Их не мог не видеть даже столь погруженный в себя художник, как Ватто, факты, сами по себе поразительные, но преувеличенные слухами. Долгое время у ворот св. Рока некий слепец, продававший индульгенции, торговал одновременно и памфлетами, рассказывающими о подлинных и, кажется, даже мнимых грехах регента. Подлинных грехов было бы достаточно, к ним, однако же, прибавлялись обвинения в кровосмесительных связях и поступках, которые вряд ли может выдержать бумага даже два с половиною века спустя. Эти памфлеты были известны всему Парижу. Если Ватто их и не читал, ему о них рассказывали.
Париж сжигала лихорадка феерических надежд.
Еще живя у Кроза, Ватто не мог не слышать и не знать о необычной и внушающей самые оптимистические мысли деятельности шотландского коммерсанта Джона Лоу, организовавшего совершенно невиданную банковскую систему. Она — так казалось, во всяком случае поначалу, — сулила невиданный расцвет государственных финансов вкупе с невиданным же ростом частных доходов. В 1718 году банк Лоу стал государственным учреждением, кредитные билеты, выдаваемые им вместо звонкой монеты, росли в цене, вместе с ними росли надежды пайщиков, хотя золото в казне не способно было покрыть и четверти стоимости бумажных денег. Как известно, деятельность Лоу принесла впоследствии множество банкротств и оказалась почти полностью несостоятельной, но тогда, вначале, она была созвучна все тем же «странностям», о которых так много уже говорилось, она колебала привычные представления о материальных ценностях, даже о ценности золота, заставляла верить в чудеса и сомневаться (вопреки утверждению кардинала де Ришелье, что «золото и серебро являются одной из главных и наиболее необходимых сторон могущества государства») в извечной силе луидоров и пистолей.
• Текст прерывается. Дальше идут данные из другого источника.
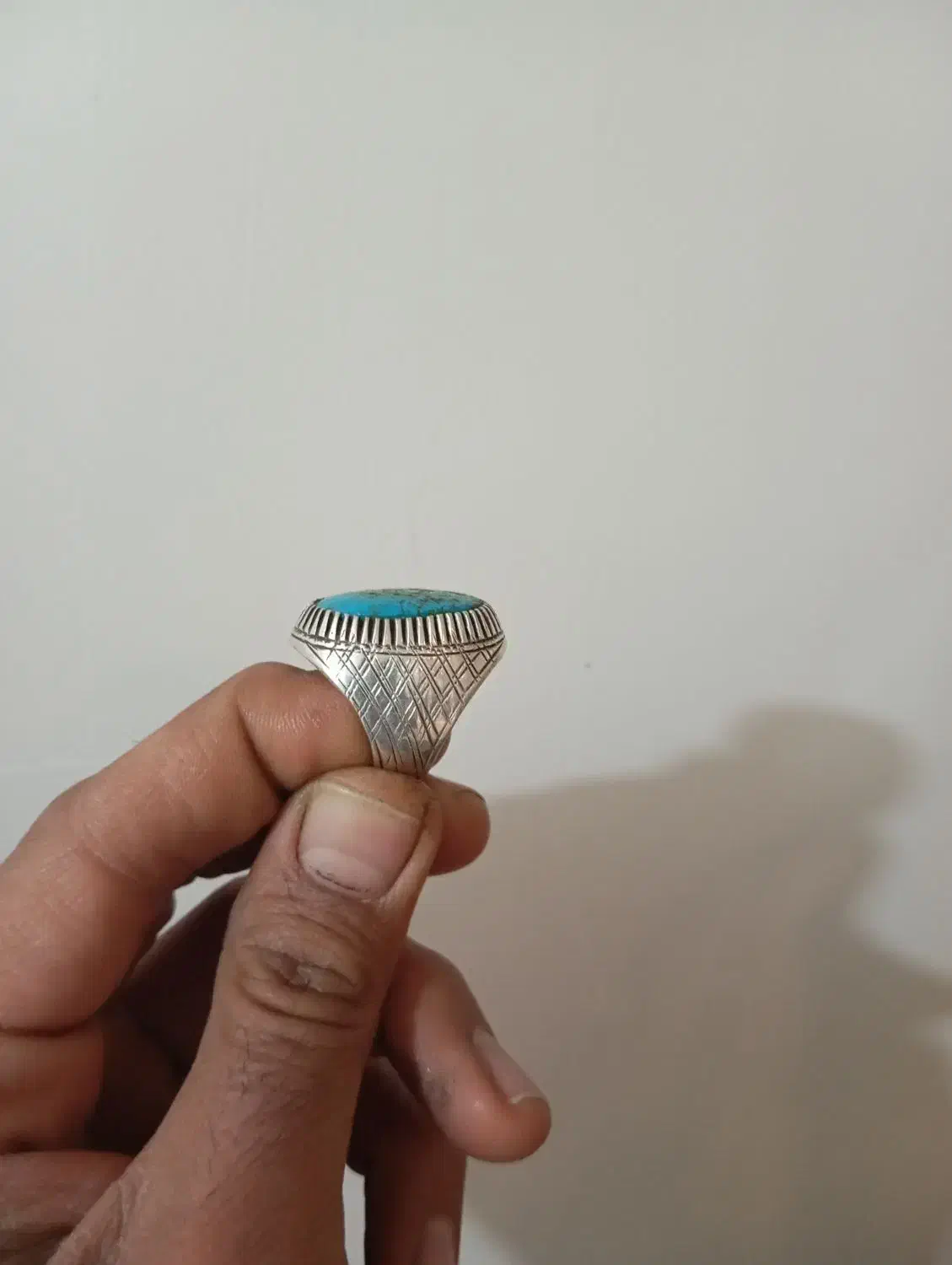 انگشتر فیروزه|جواهرات|مشهد, شهرک شهید باهنر|دیوار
«Иностранец вывернул наизнанку государство, как старьевщик выворачивает поношенное платье: то, что было изнанкой, он сделал лицом, а из лица сделал изнанку. Какие возникли неожиданные состояния!.. Сколько появилось лакеев, которым прислуживают их недавние товарищи, а завтра будут, быть может, прислуживать и господа!»
Мимо банка Лоу на улице Кэнкампуа, что неподалеку от Гревской площади, хоть раз случайно да прошел Ватто, и этого было достаточно, чтобы лицезреть алчность, почти безумие в самом неприкрытом виде. Если деятельность Лоу привела в лихорадочное движение финансовые дела, то сам он, будучи олицетворением ожидаемого чуда, стал в глазах даже знатнейших дам первым мужчиной Парижа. Это было и смешно, и страшно, так велико было легковерие, так жадно старались люди занять души и разум всем, чем угодно, лишь бы во что-то верить.
«Одна герцогиня при всех поцеловала ему (Лоу) руку. Если так поступают герцогини, что же станут целовать другие дамы? Я думаю, что, если бы он пожелал, француженки, не в обиду им будь сказано, стали бы целовать ему зад. Разве не стали они уже настолько бесстыдны, что смотрят, как он мочится? Чувствуя в том необходимость, он однажды отказался принять дам, объявив открыто, чем объясняется его отказ. Они ответили: „Пустяки, занимайтесь этим и слушайте нас“. Так они и остались возле него».
Следует вновь попросить прощения у читателя, который, хочется надеяться, поверит в то, что процитированные строчки приведены не для пикантности, но единственно с целью показать, как легко было в ту пору свести с ума Париж и сдвинуть привычные представления о благопристойности. Ничто не принималось всерьез из того, что казалось серьезным ранее, зато все «странное» (опять же та самая «странность»!) принималось на веру со смешным и жалким в наше время восторгом.
Среди этого странного мира, впитывая в себя его и его не замечая, размышляя и забывая о нем, живет и пишет Ватто.